Crypto industry, Polish president claim bill is burdensome
In November 2025, the Sejm passed the Crypto-Asset Market Act, which would update Polish law to comply with MiCA.
Local enterprise groups were not pleased with the result. In an October letter, the Warsaw Enterprise Institute, a business-focused think tank, outlined a few of the perceived problems with the law.
First was the length. Including draft secondary regulations, the total length was well over 300 pages. The Warsaw Enterprise Institute said that, while other EU member states were satisfied with just a few dozen pages, “the Polish law has several hundred articles and provides for additional regulations.”
It said the act introduces “a ban on marketing activities related to basic cryptocurrencies and the possibility of blocking websites by administrative decision, without the right to appeal to a court.”
“Such solutions are not justified by MiCA and put Polish companies in a worse competitive position compared to entities operating in other EU countries.”.
Of further concern was the role the Polish Financial Supervision Authority (KNF) would play under the new regime. Under the law, the KNF would be the sole regulator of the entire crypto market. It would have the power to levy heavy fines as well as maintain and enforce a blacklist of “unreliable” crypto domains that Polish ISPs would have to block.
Not only would the KNF be incredibly powerful, but it is already notoriously slow. According to a payment institution peer review by the European Banking Authority, the KNF’s authorization times were the slowest in Europe. In an October letter, the Warsaw Enterprise Institute claimed that the KNF has only issued two licenses for brokerage houses in the last 10 years. In the same time period, it has only issued one electronic money institution license, while Lithuania has registered over 100.

Related: EU crypto firms turn to legal support as deadline for MiCA compliance nears
On Dec. 1, 2025, Nawrocki vetoed the law, citing bloated regulation. The government failed to override the veto, and then reintroduced the exact same bill. Nawrocki vetoed the bill for a second time in February, and on April 17, the Sejm repeated itself in failing to overrule the veto.
Polish parliament struggles to find path forward for MiCA
The battle over the crypto bill shows no signs of stopping.
Firstly, for Nawrocki, passing the bill after being reintroduced in the same form would have presented a political problem.
Piech told Cointelegraph, “Once the president had already argued that the bill breached constitutional principles and contained excessive, disproportionate and vague provisions […] signing a near-identical version would have meant contradicting his own stated reasoning.”
“In that sense, the second push looked less like compromise and more like an attempt to pressure the president into a constitutional U-turn.”
Some in the crypto industry hailed the veto as Nawrocki sticking to his pro-crypto, sound regulatory principles.

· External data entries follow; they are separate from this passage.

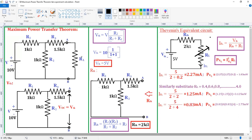To determine this resistance, I want to use the Thevenin's theorem procedure. We are saying that whenever source resistance is equal to load resistance, then only maximum power is transferred. Here, source resistance is nothing but Thevenin's resistance (RTH).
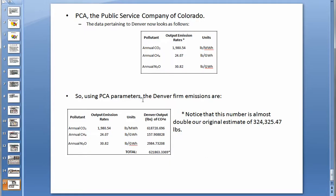Using the PCA parameters, the Denver firm's emissions are as follows. Notice that this number is almost double our original estimate. It can be noted that in most carbon footprint estimates, only the annual CO2 emissions are included in the calculation, as they are the largest contributor. And this concludes our example.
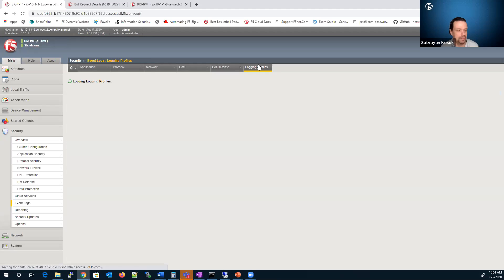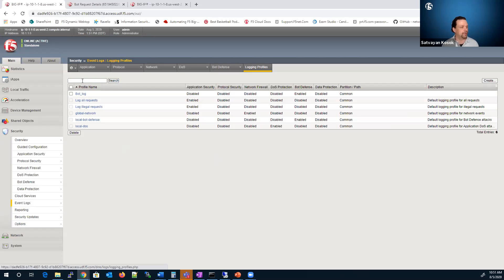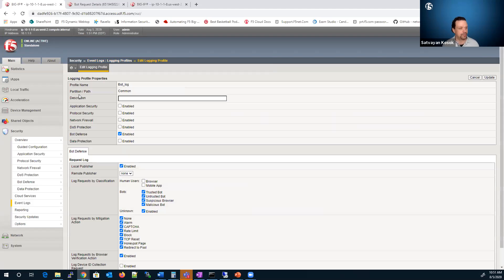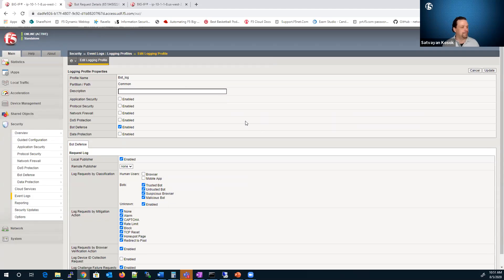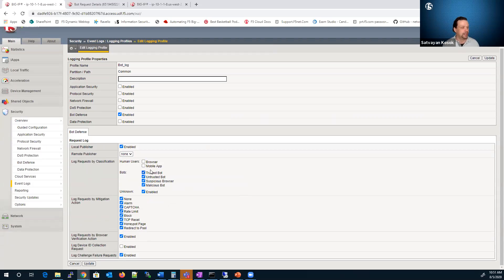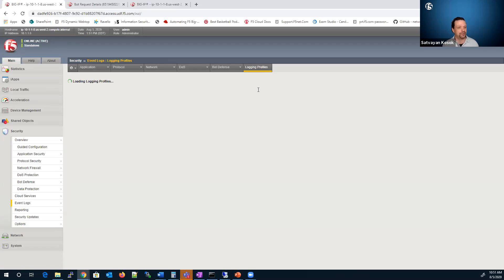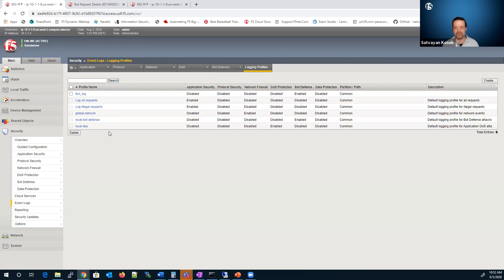One last thing I wanted to show: I'm going to conclude our presentation. Here are the different logs and what you can log. You can set that logging profile per virtual server. Here I'm just doing bot defense. I can create one that does everything — do I want to look at human users, what type of bots, do I want to see mitigation steps, log requests by browser verification action, do I want to see device ID collected, and log challenge fail requests. Depending on how you want to do that, you can create either one log profile that rules them all, or break those down into specific different categories.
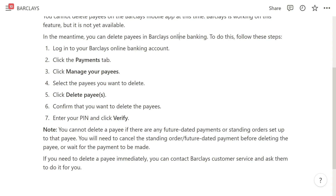I hope you found this video helpful and now know how to delete payees on the Barclays mobile app. If you did find this video helpful, please comment down below to say this video helped you out, and like and subscribe for more content like this. Thank you for watching.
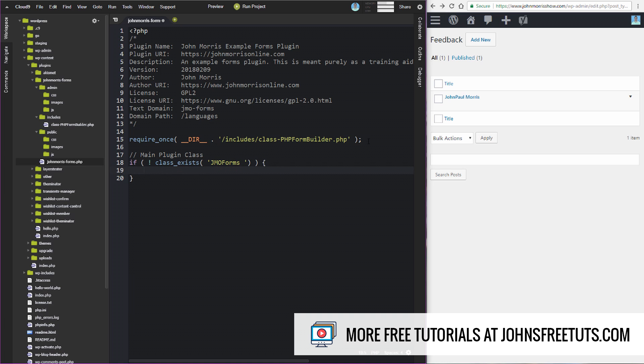The worst thing you can have happen is someone installs your plugin, they go to activate it and it triggers a fatal error because you have a naming conflict. A lot of times people just uninstall your plugin and be done. Whereas if they install it, they activate it, and there was a naming conflict but you use this check here, your plugin will still activate but nothing will show up, which is better than triggering a fatal error. Then they'll probably contact you and you can figure it out from there. So that's why we want to do this.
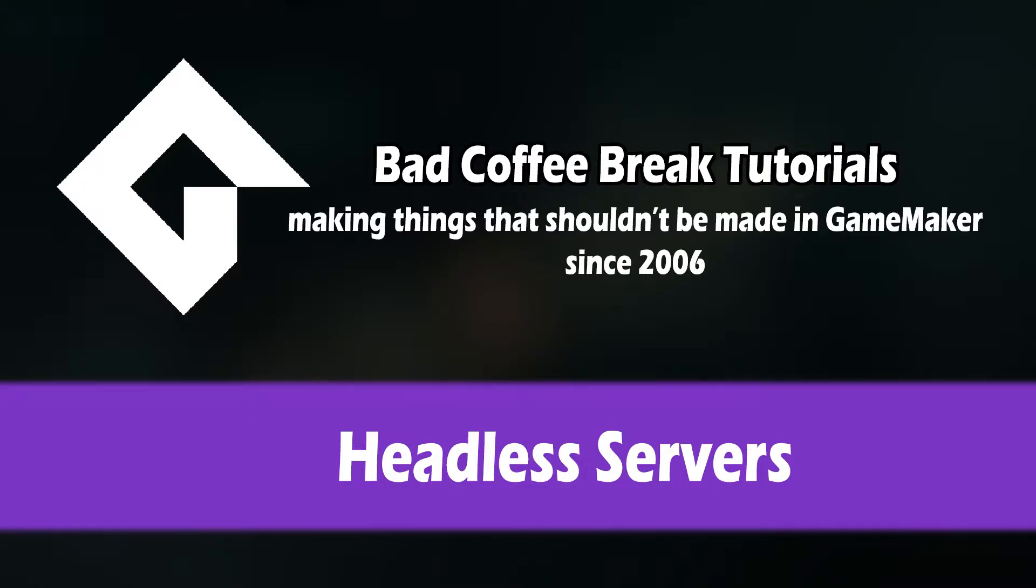Hello everyone and welcome to this Bad Coffee Break tutorial. In this video we're going to go over how you can take a server that you've built in GameMaker and run it on hardware that has no display whatsoever.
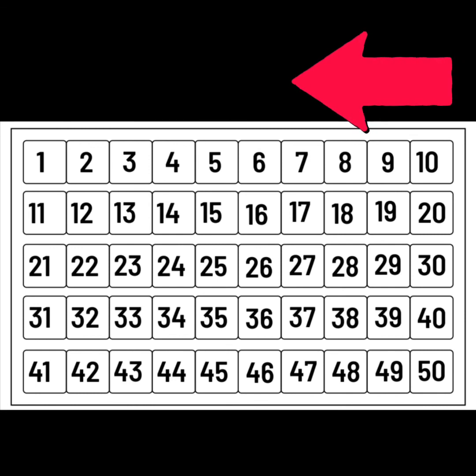So before means smaller. Backwards. The number is getting less.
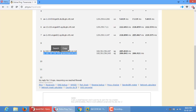My website is on shared hosting. A shared server can probably have approximately 200 to 300 websites hosted on it.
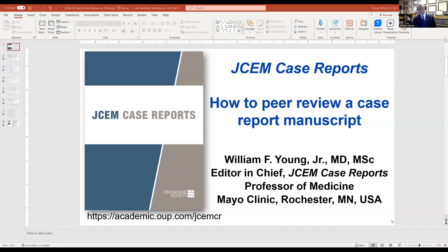Hello, my name is Bill Young. I'm Editor-in-Chief of JCEM Case Reports. I want to thank you for participating in our peer review process, either as an editorial board member or as an ad hoc reviewer. In this brief video, I'd like to share with you some thoughts I have on how to go about peer reviewing case report manuscripts.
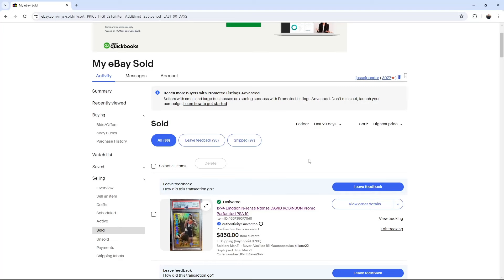What is up my friends? Jesse with Just Man Sports Cards. We're going to do my top eBay sales for the last 90 days, which is essentially 2024.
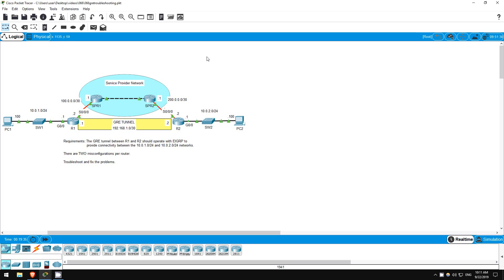Welcome to this free CCNA packet tracer practice lab. You can download the lab file from the link in the description. If you like these labs, please consider supporting me via my Patreon or the cryptocurrency options in the description. Also, please subscribe to the channel for more labs like this, and share these videos with anyone else studying for the CCNA.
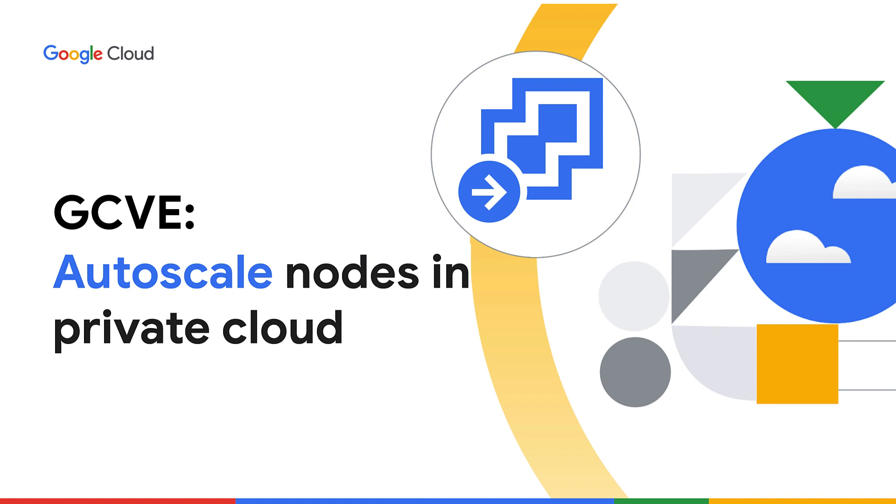The term elastic cloud, growing or shrinking cloud resources in a pinch, has become a bit of a buzzword. But when done automatically, it can be really powerful, and you can do so automatically on Google Cloud VMware Engine, or GCVE.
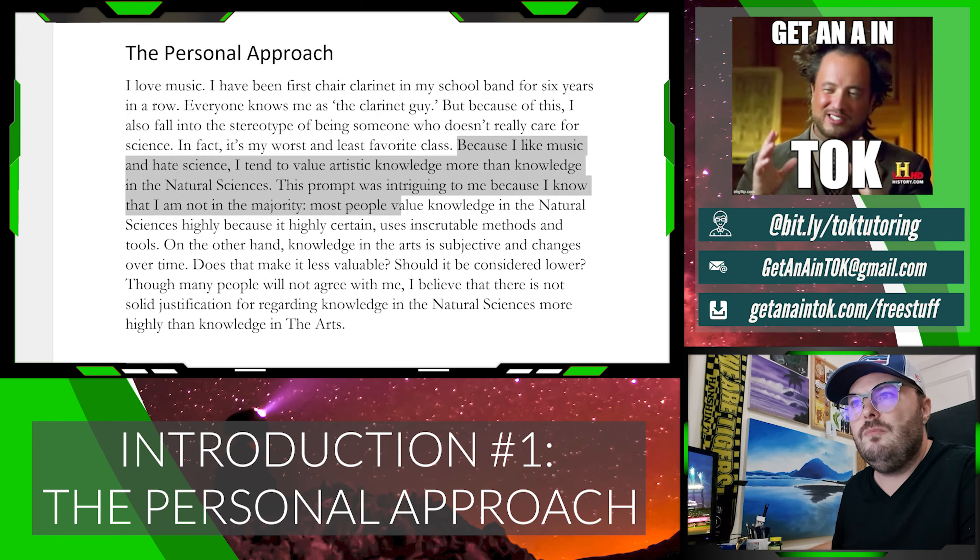Those are three ways to start your TOK essay very clearly, very effectively, and most importantly, to stop so that you can get to your body paragraphs. If you want to download the examples I put up here, you can go to getanintok.com/freestuff. And if you want to hire me as a tutor, just go to Fiverr, find me — Pat Jones — and that's it. Hopefully TOK sucks a little bit less. I'll see you next time. Bye.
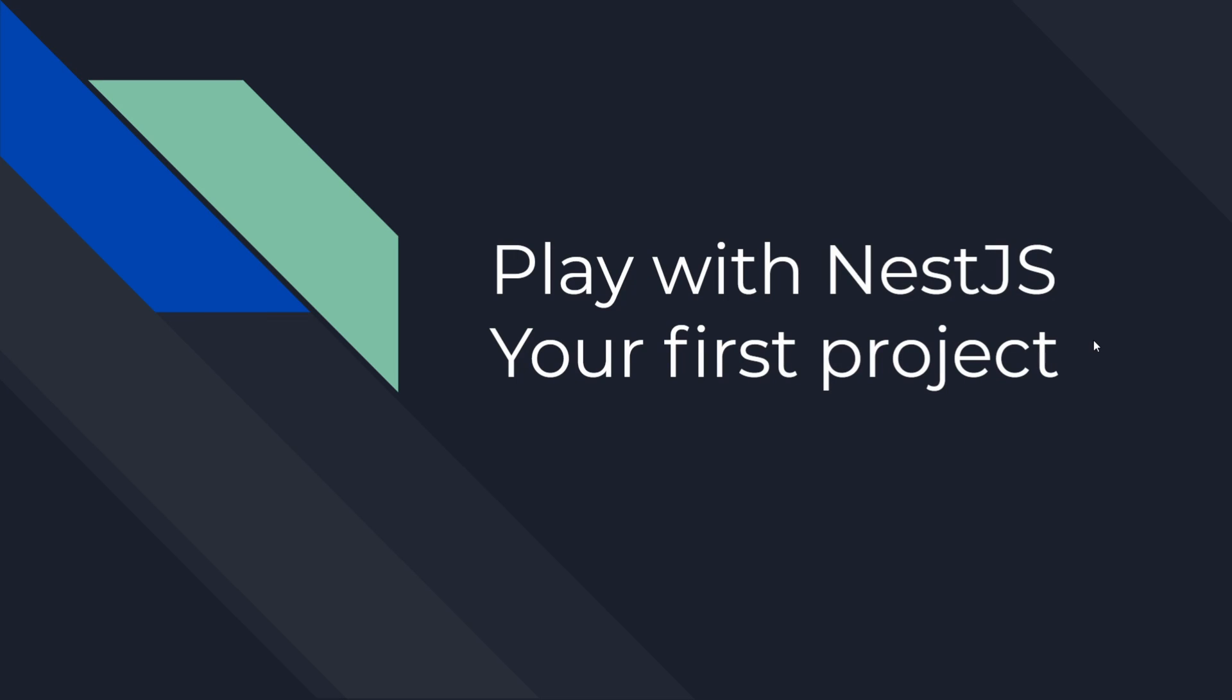Hello Warriors! We're gonna create our first NestJS project today.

“The veto is not anti-regulatory, it brings common sense back into the law-making process. […] The industry did not ask for privileges. It asked for proportionality,” said Sławomir Zawadzki, co-CEO of Kanga Exchange.
Different coalitions and groups have attempted to introduce their own versions. According to Piech, Finance Minister Andrzej Domański said that the government started work yesterday on solutions for a new crypto-asset bill.
In December, after the first veto, the Polska 2050 political party announced “an improved draft that is a step forward from the President’s arguments, which, although far-fetched, are perhaps worth considering.”
Nawrocki himself has said he would submit a draft but the speaker in the Sejm has blocked the introduction of presidential proposals.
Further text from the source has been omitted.